━━ Exercise data

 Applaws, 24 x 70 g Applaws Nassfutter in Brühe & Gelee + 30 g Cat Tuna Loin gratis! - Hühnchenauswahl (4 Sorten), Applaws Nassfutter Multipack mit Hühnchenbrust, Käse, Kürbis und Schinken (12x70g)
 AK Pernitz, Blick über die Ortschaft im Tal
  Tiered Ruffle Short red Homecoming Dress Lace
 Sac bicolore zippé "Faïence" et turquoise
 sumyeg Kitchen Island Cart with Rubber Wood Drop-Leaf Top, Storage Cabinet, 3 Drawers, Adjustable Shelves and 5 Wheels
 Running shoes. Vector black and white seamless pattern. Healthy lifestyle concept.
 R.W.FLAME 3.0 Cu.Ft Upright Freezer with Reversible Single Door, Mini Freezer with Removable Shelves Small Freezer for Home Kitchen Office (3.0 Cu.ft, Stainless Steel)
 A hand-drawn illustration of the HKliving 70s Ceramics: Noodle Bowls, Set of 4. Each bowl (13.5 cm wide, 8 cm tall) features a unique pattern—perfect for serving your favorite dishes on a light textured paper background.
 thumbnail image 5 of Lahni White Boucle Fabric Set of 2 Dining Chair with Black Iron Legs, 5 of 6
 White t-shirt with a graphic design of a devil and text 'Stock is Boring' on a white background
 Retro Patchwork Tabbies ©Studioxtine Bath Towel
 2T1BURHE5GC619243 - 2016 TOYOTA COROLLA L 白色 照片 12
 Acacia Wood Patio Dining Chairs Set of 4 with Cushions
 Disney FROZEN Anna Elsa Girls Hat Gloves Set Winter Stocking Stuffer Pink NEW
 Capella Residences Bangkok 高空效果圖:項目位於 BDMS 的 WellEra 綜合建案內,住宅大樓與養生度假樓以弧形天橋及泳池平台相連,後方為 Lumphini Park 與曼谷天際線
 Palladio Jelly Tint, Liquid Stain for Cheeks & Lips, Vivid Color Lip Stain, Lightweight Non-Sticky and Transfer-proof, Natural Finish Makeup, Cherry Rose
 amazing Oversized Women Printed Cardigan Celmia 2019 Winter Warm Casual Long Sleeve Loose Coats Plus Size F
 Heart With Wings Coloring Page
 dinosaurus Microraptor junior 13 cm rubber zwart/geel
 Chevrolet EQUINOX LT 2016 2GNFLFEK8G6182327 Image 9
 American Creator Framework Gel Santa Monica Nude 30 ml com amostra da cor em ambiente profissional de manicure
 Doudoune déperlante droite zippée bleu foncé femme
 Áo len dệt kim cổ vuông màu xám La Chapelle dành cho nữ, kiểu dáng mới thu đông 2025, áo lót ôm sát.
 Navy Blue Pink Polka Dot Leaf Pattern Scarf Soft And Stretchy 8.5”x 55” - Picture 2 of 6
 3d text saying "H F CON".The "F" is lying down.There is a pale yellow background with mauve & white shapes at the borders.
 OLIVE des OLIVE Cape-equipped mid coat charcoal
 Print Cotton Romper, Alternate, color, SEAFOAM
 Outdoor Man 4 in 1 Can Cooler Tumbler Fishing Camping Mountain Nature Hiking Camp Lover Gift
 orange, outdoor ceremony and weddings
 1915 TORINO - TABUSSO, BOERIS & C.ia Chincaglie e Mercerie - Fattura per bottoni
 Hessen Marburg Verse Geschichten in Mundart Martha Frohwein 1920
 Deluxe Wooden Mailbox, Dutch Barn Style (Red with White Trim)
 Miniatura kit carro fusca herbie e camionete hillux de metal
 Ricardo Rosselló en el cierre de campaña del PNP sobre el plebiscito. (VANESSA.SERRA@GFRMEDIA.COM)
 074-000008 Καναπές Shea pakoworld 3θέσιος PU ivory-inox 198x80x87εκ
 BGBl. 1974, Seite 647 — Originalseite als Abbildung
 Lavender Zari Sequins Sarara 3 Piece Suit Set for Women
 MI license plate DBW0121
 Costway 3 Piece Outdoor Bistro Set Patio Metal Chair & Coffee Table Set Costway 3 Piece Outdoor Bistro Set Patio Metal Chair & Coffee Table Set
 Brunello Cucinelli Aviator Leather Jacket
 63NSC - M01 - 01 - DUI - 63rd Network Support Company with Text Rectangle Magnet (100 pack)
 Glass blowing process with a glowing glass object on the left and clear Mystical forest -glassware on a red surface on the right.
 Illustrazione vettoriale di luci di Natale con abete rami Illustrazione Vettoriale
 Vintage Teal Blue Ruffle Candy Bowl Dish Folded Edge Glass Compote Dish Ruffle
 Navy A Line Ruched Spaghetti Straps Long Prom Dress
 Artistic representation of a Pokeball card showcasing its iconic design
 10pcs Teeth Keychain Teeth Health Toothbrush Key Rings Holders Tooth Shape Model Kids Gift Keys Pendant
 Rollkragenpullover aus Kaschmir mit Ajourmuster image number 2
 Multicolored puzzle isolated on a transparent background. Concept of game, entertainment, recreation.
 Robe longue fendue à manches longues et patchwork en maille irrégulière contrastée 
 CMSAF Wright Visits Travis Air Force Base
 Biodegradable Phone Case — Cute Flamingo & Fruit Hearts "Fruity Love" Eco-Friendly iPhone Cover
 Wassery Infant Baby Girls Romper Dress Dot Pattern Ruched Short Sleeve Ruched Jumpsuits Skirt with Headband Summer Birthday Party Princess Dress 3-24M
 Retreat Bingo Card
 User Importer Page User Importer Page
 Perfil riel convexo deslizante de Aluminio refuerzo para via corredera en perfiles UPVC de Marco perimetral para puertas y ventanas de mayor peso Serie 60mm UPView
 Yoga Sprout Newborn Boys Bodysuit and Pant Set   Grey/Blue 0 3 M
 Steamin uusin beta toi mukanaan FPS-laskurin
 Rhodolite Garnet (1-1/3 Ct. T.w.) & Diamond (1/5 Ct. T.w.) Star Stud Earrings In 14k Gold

━━━━

**Exercise**:
An exact copy is needed of the lines from the one containing "63NSC - M01" through the end of the records.

**Result for this task**:
 63NSC - M01 - 01 - DUI - 63rd Network Support Company with Text Rectangle Magnet (100 pack)
 Glass blowing process with a glowing glass object on the left and clear Mystical forest -glassware on a red surface on the right.
 Illustrazione vettoriale di luci di Natale con abete rami Illustrazione Vettoriale
 Vintage Teal Blue Ruffle Candy Bowl Dish Folded Edge Glass Compote Dish Ruffle
 Navy A Line Ruched Spaghetti Straps Long Prom Dress
 Artistic representation of a Pokeball card showcasing its iconic design
 10pcs Teeth Keychain Teeth Health Toothbrush Key Rings Holders Tooth Shape Model Kids Gift Keys Pendant
 Rollkragenpullover aus Kaschmir mit Ajourmuster image number 2
 Multicolored puzzle isolated on a transparent background. Concept of game, entertainment, recreation.
 Robe longue fendue à manches longues et patchwork en maille irrégulière contrastée 
 CMSAF Wright Visits Travis Air Force Base
 Biodegradable Phone Case — Cute Flamingo & Fruit Hearts "Fruity Love" Eco-Friendly iPhone Cover
 Wassery Infant Baby Girls Romper Dress Dot Pattern Ruched Short Sleeve Ruched Jumpsuits Skirt with Headband Summer Birthday Party Princess Dress 3-24M
 Retreat Bingo Card
 User Importer Page User Importer Page
 Perfil riel convexo deslizante de Aluminio refuerzo para via corredera en perfiles UPVC de Marco perimetral para puertas y ventanas de mayor peso Serie 60mm UPView
 Yoga Sprout Newborn Boys Bodysuit and Pant Set   Grey/Blue 0 3 M
 Steamin uusin beta toi mukanaan FPS-laskurin
 Rhodolite Garnet (1-1/3 Ct. T.w.) & Diamond (1/5 Ct. T.w.) Star Stud Earrings In 14k Gold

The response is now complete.